Now, she runs anywhere from the 400 meters to about the mile run, but the 800 is her best.
“They all come in thinking they’re fast sprinters,” said Ron Hebbard, who coached Faulkner on the Valley Central girls’ track and field team until his retirement in June. “It takes them time to figure it out. With a little push, we determine where they’re going to be good. I knew it, but you have to get them there.”
Faulkner was primed for one of her best seasons coming off 2019-20 indoor track season and the spiring 2020 team had a strong core of middle-distance runners. However, the season was canceled after a few days of practice due to the beginning of the COVID-19 pandemic.
Hebbard said he had wished Faulkner had started running sooner and wished even more that she had run cross-country as well. She had played soccer for the Vikings as recently as last fall. However, her plans would have changed this fall, if not for the pandemic as she would have moved on from the soccer team and joined the cross-country team.
Hebbard said running cross-country can be a huge benefit to runners.
“It gives you the base and endurance strength to do the track season,” he said. “That’s for anybody; it doesn’t matter the distance. It’s easier for middle distance to buy into it. Then, if you go to college, you train with them because that’s what sets you up for the rest of the year.”
It’s unclear what 2021 has in store, but indoor track may be difficult due to a lack of venues, but there is an expected March/April season for fall sports, which would include cross-country, considered a low-risk sport, and possibly a shortened track season in the spring.

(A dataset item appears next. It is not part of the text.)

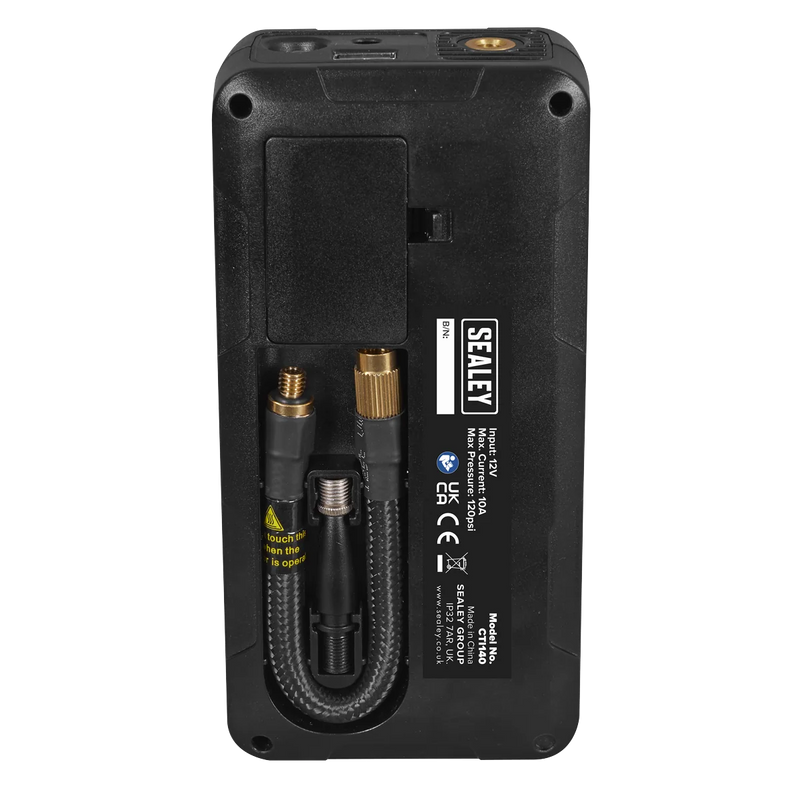 Sealey Rechargeable Tyre Inflator CTI140 120psi Power Bank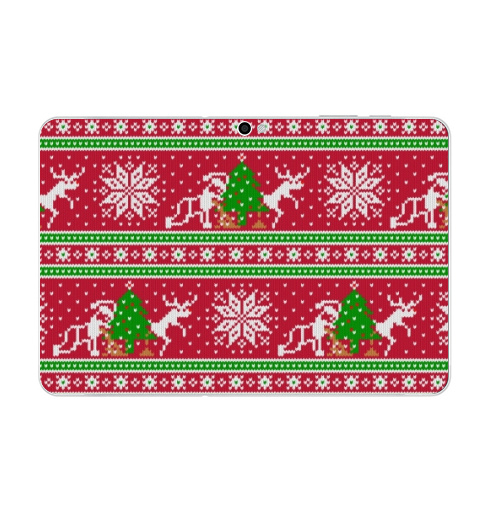 Наклейка на Планшет Samsung Galaxy Tab 10.1 (P7500) Плохой Санта и его олень,  купить в Москве – интернет-магазин Allskins, новый год, зима, узор, дед_мороз, олень, вязание, свитер_с_оленями, свитер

“I’m looking forward to running with my teammates again,” Faulkner said. “Track is very close-knit. We’re more of a family than most sports. While it’s individual, we really push each other to do our best.”
Along the way, she’s also looking at lowering her times in the 800 and run the mile as well.
When she arrives at Lake Erie in the fall, she plans to major in nursing. Although she was squeamish at first, she took a child development/parenting class when she was a freshman and that drew her attention to neo-natal nursing. In addition to her Division II athletic scholarship, she is also receiving a Presidential scholarship for academics, the highest academic award the school offers.
“That was really exciting,” Faulkner said. “I don’t have to worry about that much money going in.”
After she completes her unusual senior year at Valley Central, she’s looking forward to expanding her horizons at Lake Erie.
“I’m hoping I can set some records and meet some new people,” Faulkner said. “I’ve already met some of the girls there. They’re so incredible; so nice. I’m looking forward to expanding my athletic career and seeing how far I can go and push myself.”